Task » For this exercise, retype all the data exactly and exclude every image.

Recorded information »
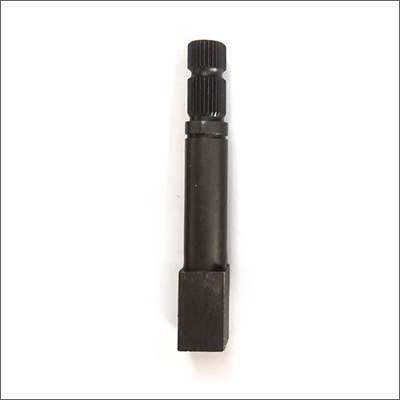 Spline Shaft - Cast Iron & Stainless Steel | Precision Engineered Gear Mechanism for Enhanced Durability and Performance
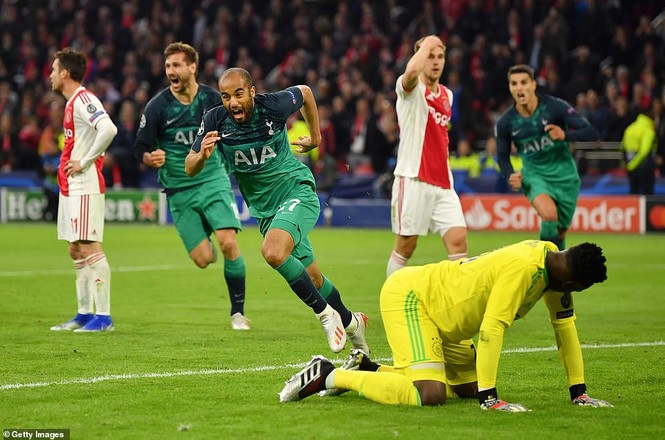 Lucas Moura lập hat-trick, Tottenham vào chung kết Champions League - ảnh 22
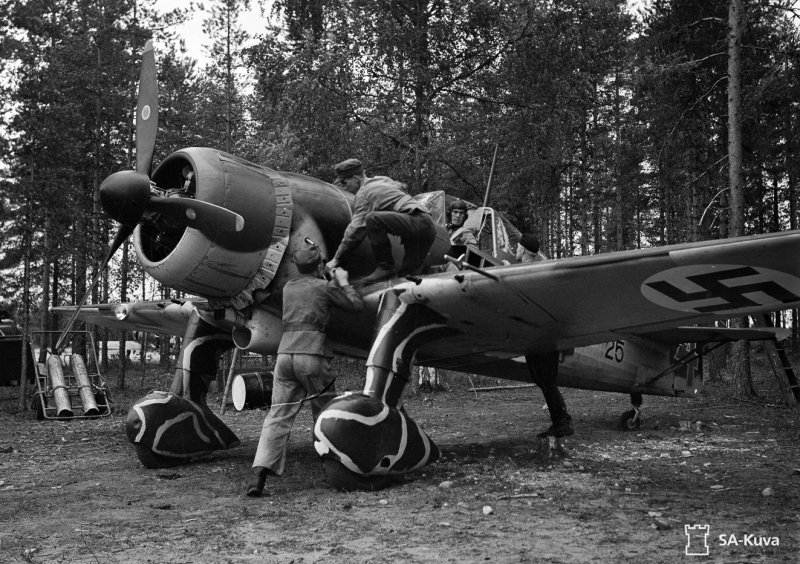 Фоккер в 1915 году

Result of the exercise »
 Spline Shaft - Cast Iron & Stainless Steel | Precision Engineered Gear Mechanism for Enhanced Durability and Performance
 Lucas Moura lập hat-trick, Tottenham vào chung kết Champions League - ảnh 22
 Фоккер в 1915 году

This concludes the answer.